Know your trail etiquette?
Common sense is the rule of the off-road
Source of this article: The Thousand Oaks Acorn, June 25, 2015
With hundreds of miles of walking, cycling and equestrian paths, the Santa Monica Mountains and Ventura County backcountry are a magnet for people who enjoy the outdoors.
But the trails can be a source of conflict between leisure users and thrill seekers.
“ Loving the outdoors has become hazardous to my health,” said horseback rider Robin Targon, who recently had an on-the-trail run-in with a mountain biker.
Targon said she and a friend were riding their horses in the Upper Las Virgenes Canyon Open Space Preserve near Hidden Hills when the cyclist barreled toward them at a high rate of speed.
In an effort to get his attention, the equestrians stopped and put their hands up, beckoning for the cyclist to slow down. But he didn’t seem to care, Targon said.
“He finally slowed just a bit . . . enough to shout expletives at us. . . . That bike rider put my life, my friend’s life and our horses at great risk,” she said, adding that she had also been charged by unleashed dogs during an outing two months earlier.

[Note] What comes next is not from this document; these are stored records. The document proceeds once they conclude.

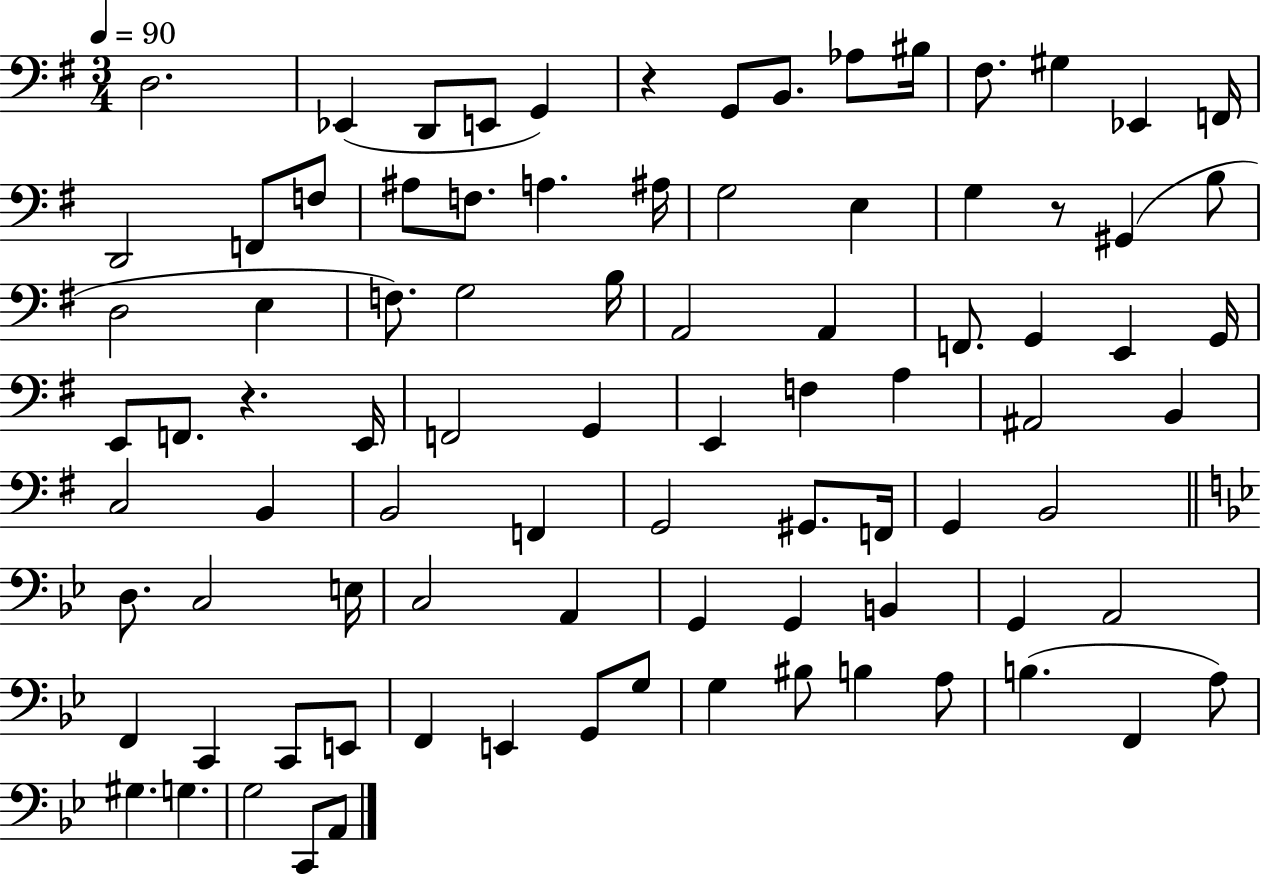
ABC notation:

X:1
T:Untitled
M:3/4
L:1/4
K:G
D,2 _E,, D,,/2 E,,/2 G,, z G,,/2 B,,/2 _A,/2 ^B,/4 ^F,/2 ^G, _E,, F,,/4 D,,2 F,,/2 F,/2 ^A,/2 F,/2 A, ^A,/4 G,2 E, G, z/2 ^G,, B,/2 D,2 E, F,/2 G,2 B,/4 A,,2 A,, F,,/2 G,, E,, G,,/4 E,,/2 F,,/2 z E,,/4 F,,2 G,, E,, F, A, ^A,,2 B,, C,2 B,, B,,2 F,, G,,2 ^G,,/2 F,,/4 G,, B,,2 D,/2 C,2 E,/4 C,2 A,, G,, G,, B,, G,, A,,2 F,, C,, C,,/2 E,,/2 F,, E,, G,,/2 G,/2 G, ^B,/2 B, A,/2 B, F,, A,/2 ^G, G, G,2 C,,/2 A,,/2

“Sitting on a horse that weighs over 1,300 pounds . . . you never know what will set them off,” Targon said. “We know a woman was dumped off her horse when a dog charged. She was airlifted out of Ahmanson.”
But with about 33 million visitors to the Santa Monica Mountains National Recreation Area each year, complaints are also heard about self-centered equestrian owners.
In addition to rangers who patrol the trails year-round in vehicles and on foot, the park agencies use volunteer equestrian and mountain bike riders to enforce trail rules.
The National Park Service also teams with the Concerned Off-Road Bicyclists Association (CORBA) to promote safe and courteous riding in the Santa Monica Mountains.
Mark Langton, a board member for CORBA who also teaches mountain biking skills, said bicyclists, hikers, dog walkers and horseback riders all have a right to share the trails—but not everyone is aware of how to do so safely.
The speed limit for bikes on all park roads and trails is 15 miles per hour, but speed is subjective, and what one person may consider slow might still be too fast, Langton said.
“Even at 10 mph, a cyclist can startle someone and disrupt their enjoyment of our open space,” said Langton, chair of the Conejo Open Space Trails Advisory Committee.
Communicate with Each Other According to the rules of the trail, horses always have the right of way. Because the animals may startle at loud noises and sudden movements, hikers and bike riders are advised to approach the animals carefully and give them space.
Others say the courtesy is a twoway street and that equestrians who are trotting or galloping on open trails should slow down when approaching hikers and bikers.
Langton says cyclists would face less animosity if they slowed down and use a bell while riding on the trail.
“It’s important to be heard even if you’re not seen. . . . The bell should ring constantly. That’s probably one of the best things that you can do to alert people of your presence,” Langton said, adding that cyclists who like to go fast should ride during the week when trails are less crowded.
Local cyclist Jack Rifenbark, said equestrians have a responsibility to consider the temperament of their horses before they take them out on public paths.
“For example, my dog is not safe around other dogs, therefore I don’t take him to the dog park. Bringing a horse to multiuse trails is like taking my dog to the park and then blaming others for not tip-toeing around his special sensitivities,” Rifenbark said on the Acorn’s Facebook page.
“Of course, that doesn’t excuse irresponsible riding by some cyclists,” he added.
Conflicts on the trail often mirror those that occur on the canyon roads between cars, motorcyclists and bicyclists.
Agoura Hills resident and longtime equestrian Larry Brown said nearly all mountain bikers he encounters on the trail are courteous and slow down for him and his mount.
“This is pretty much a nonissue with all but a tiny handful of jerks on bicycles and nervous equestrians who are afraid of their horses and probably should not be on the trails in the first place,” Brown said.
Kate Kuykendall, spokesperson for the Santa Monica Mountains National Recreation Area, said her agency often receives complaints about bikes going too fast at Cheeseboro/Palo Comado canyons and other areas. Park officials plan to focus enforcement and public education efforts on the Cheeseboro area in the coming year.
David Szymanski, superintendent for the National Recreation Area, said one of the most important things park visitors can do for each other is to follow the “yield triangle,” which says cyclists should yield to pedestrians and equestrians, and hikers should yield to horses.
“Acknowledge each other and be prepared to slow down, stop or walk in certain circumstances,” Szymanski said.
Most trails in the National Park Area are open to many types of traffic, but there are a number of places in the mountains where bikes are not allowed.
Leashed dogs are allowed in national parks and other public lands, but they are not permitted on state park trails such as those in Malibu Creek.